## About this task
Retype only the lines below from the one with "外部培训管理制度_第1页" to the one with "사골 국물 티백 16p, 5.5g, 16개", inclusive, skipping every image.

======== Dataset content

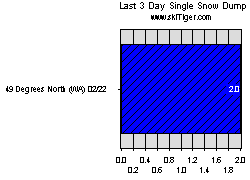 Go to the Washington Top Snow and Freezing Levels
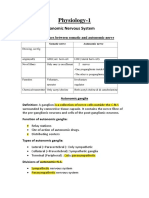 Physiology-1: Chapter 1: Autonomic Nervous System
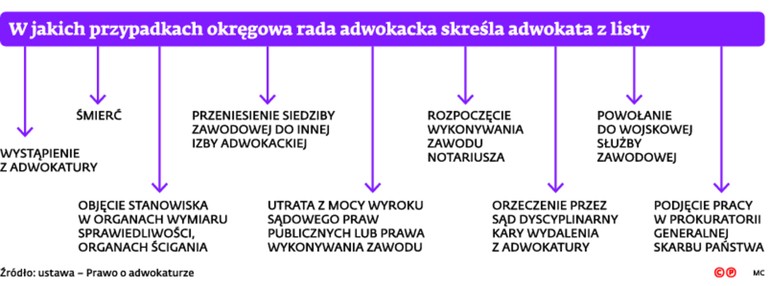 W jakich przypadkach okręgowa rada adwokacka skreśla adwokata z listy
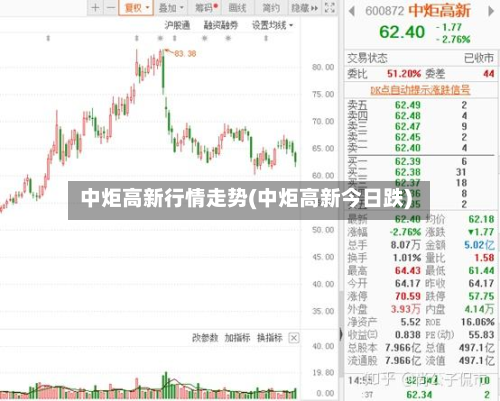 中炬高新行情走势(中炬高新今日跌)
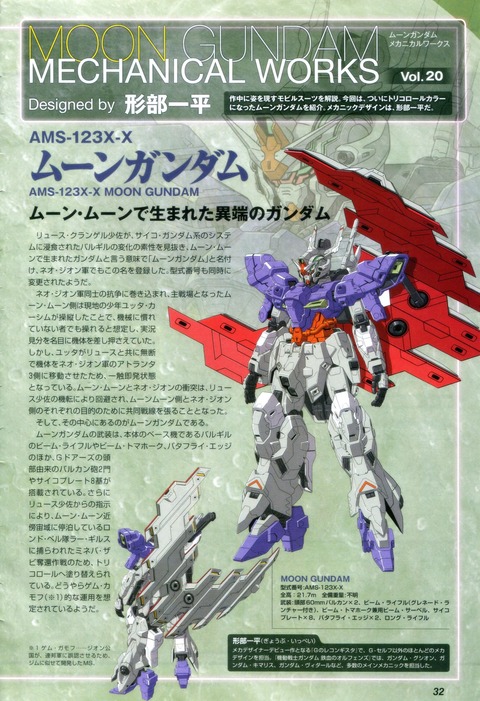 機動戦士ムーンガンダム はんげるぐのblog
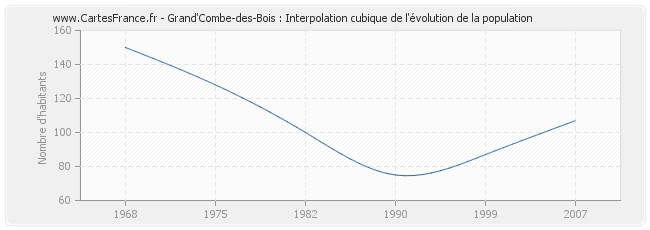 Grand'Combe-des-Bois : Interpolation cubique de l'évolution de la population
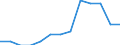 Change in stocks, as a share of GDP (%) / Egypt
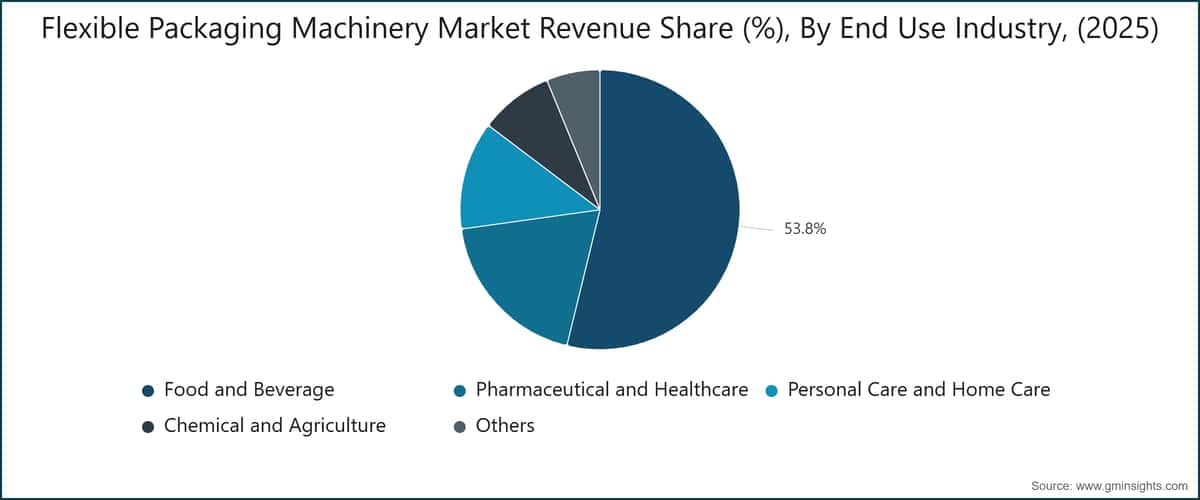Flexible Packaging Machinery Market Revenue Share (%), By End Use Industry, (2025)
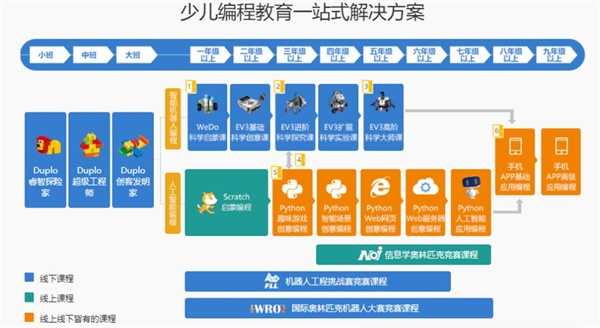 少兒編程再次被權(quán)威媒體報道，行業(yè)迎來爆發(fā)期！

================
======== Dataset content

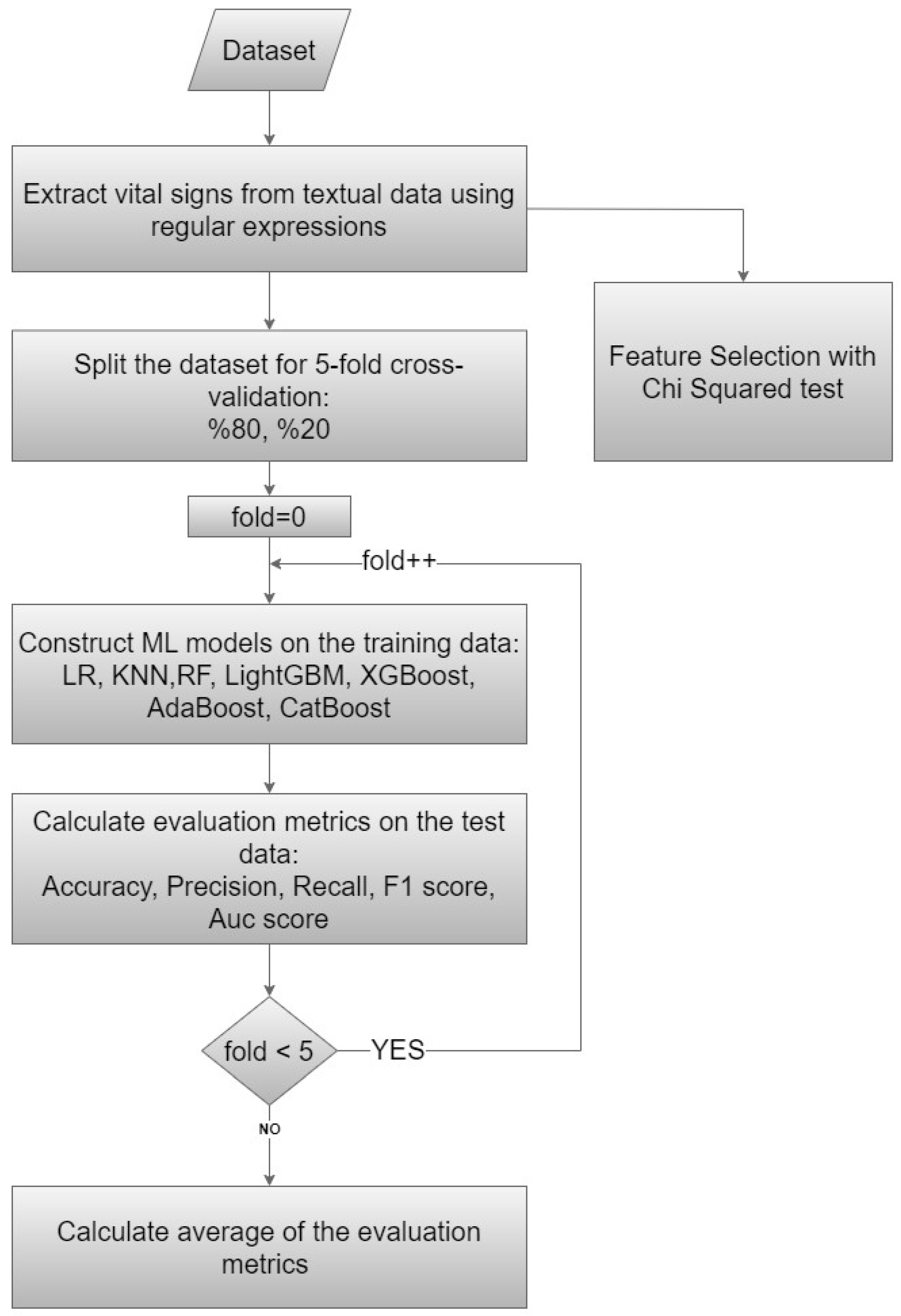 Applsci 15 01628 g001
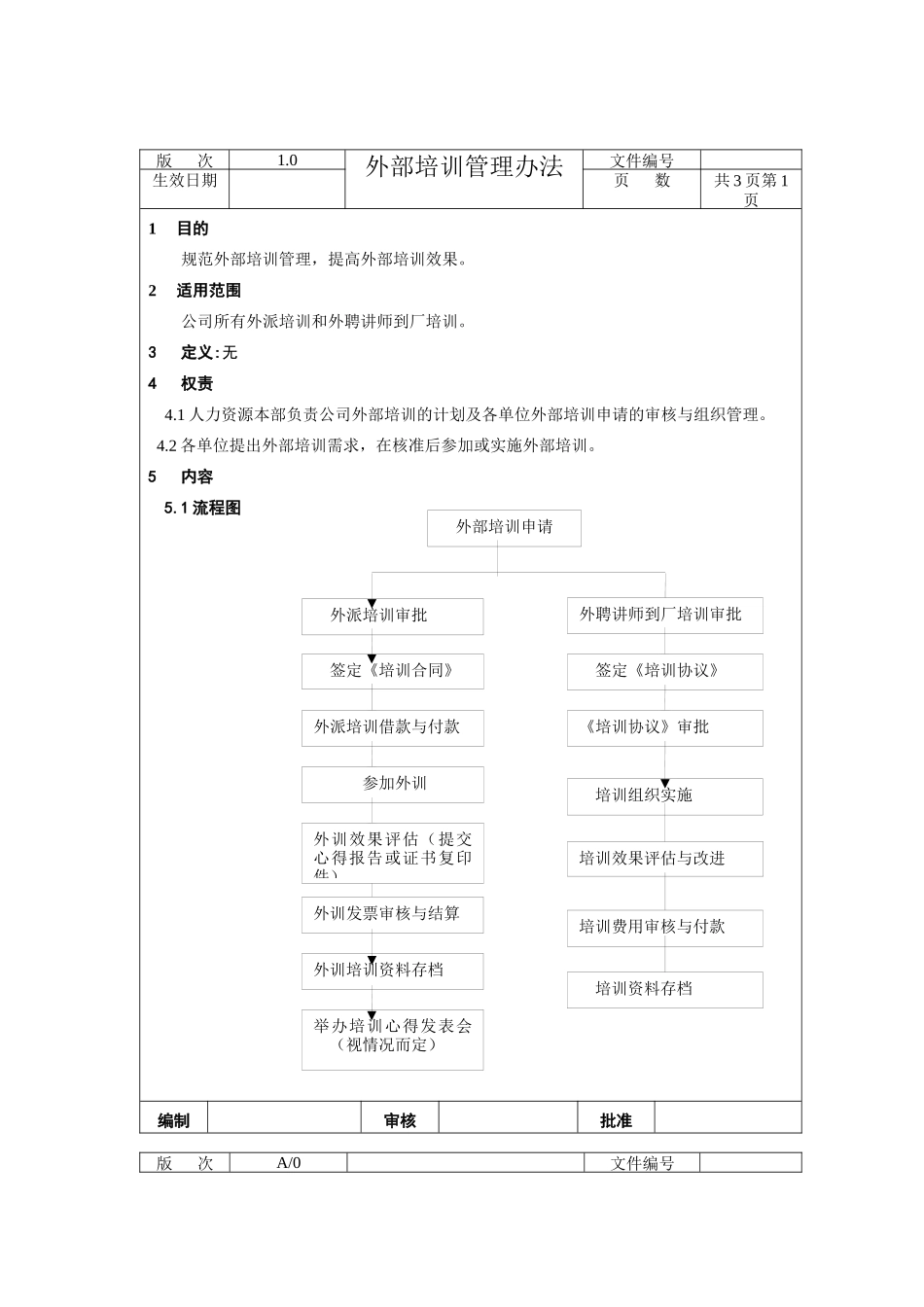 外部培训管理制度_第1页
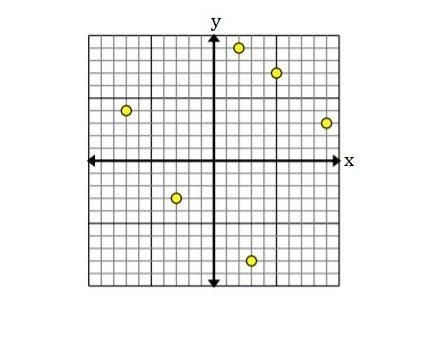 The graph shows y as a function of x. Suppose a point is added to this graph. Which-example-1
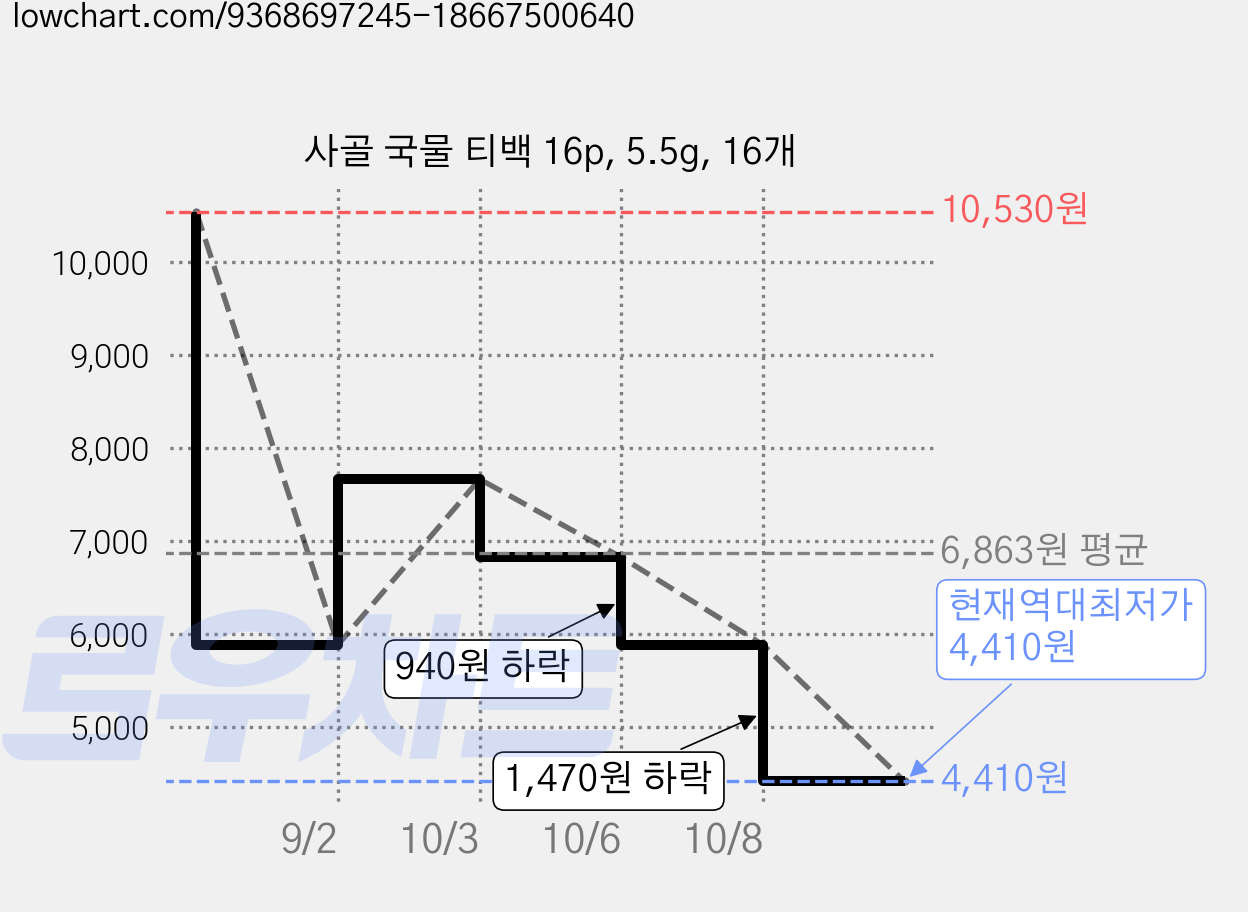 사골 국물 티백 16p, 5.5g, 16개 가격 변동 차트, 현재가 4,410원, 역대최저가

================
======== Dataset content

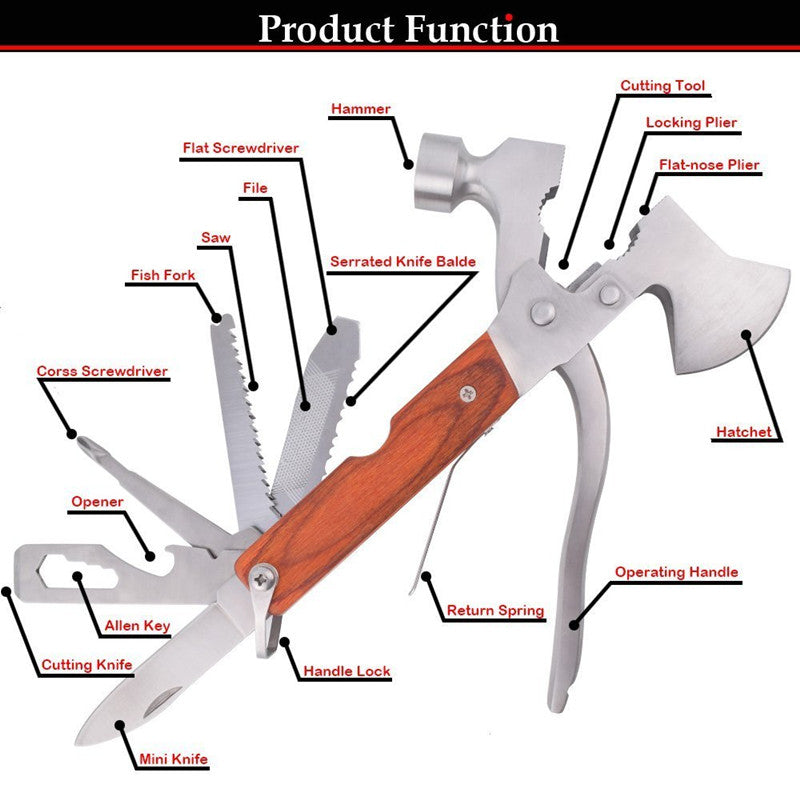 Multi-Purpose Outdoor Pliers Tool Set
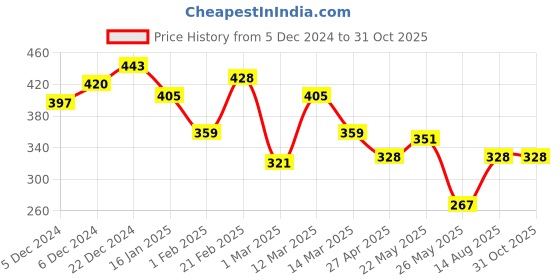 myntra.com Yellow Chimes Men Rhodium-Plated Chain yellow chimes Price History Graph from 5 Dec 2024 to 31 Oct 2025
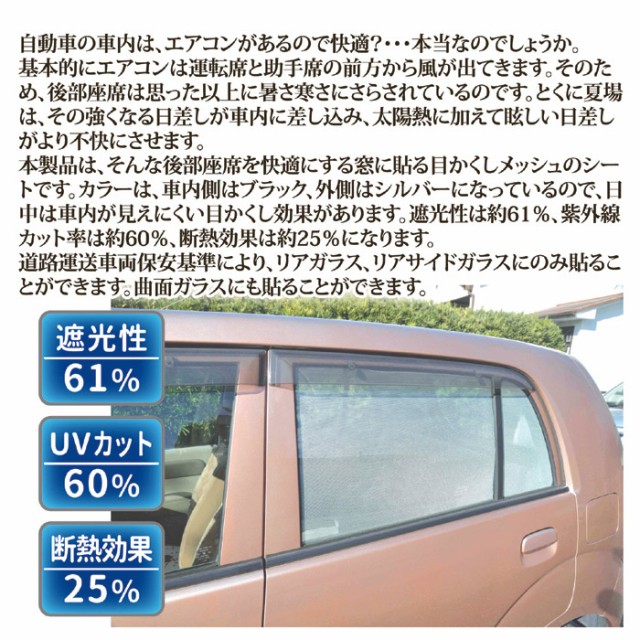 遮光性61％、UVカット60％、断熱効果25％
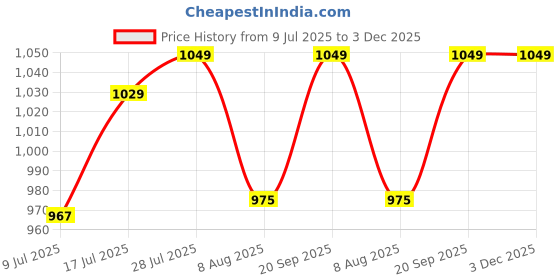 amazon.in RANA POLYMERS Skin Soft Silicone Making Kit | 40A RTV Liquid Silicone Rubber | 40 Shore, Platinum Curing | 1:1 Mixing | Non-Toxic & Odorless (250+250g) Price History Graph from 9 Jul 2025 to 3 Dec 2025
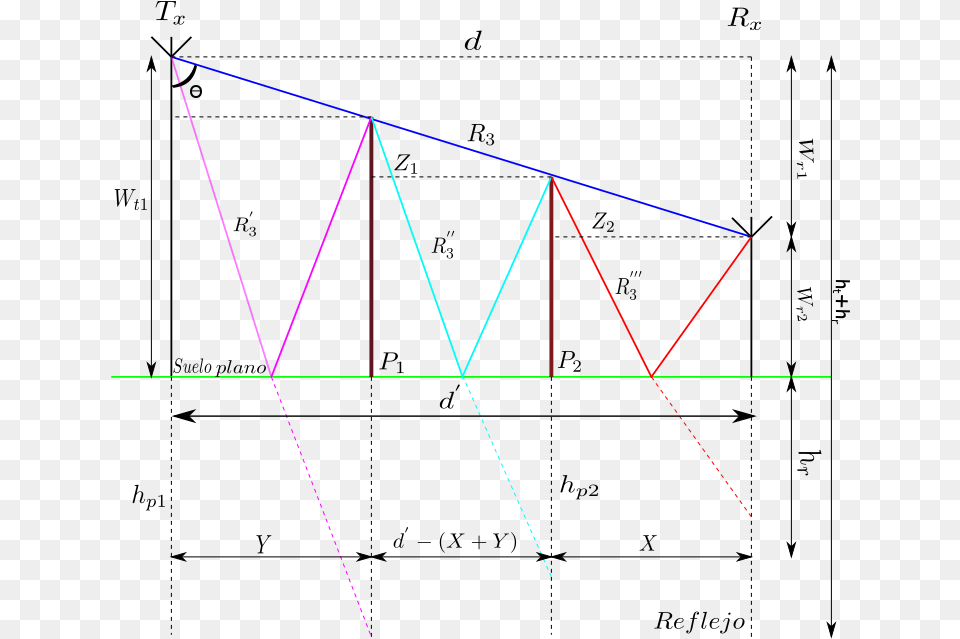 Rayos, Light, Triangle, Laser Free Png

================

## Reply to the exercise
 外部培训管理制度_第1页
 The graph shows y as a function of x. Suppose a point is added to this graph. Which-example-1
 사골 국물 티백 16p, 5.5g, 16개 가격 변동 차트, 현재가 4,410원, 역대최저가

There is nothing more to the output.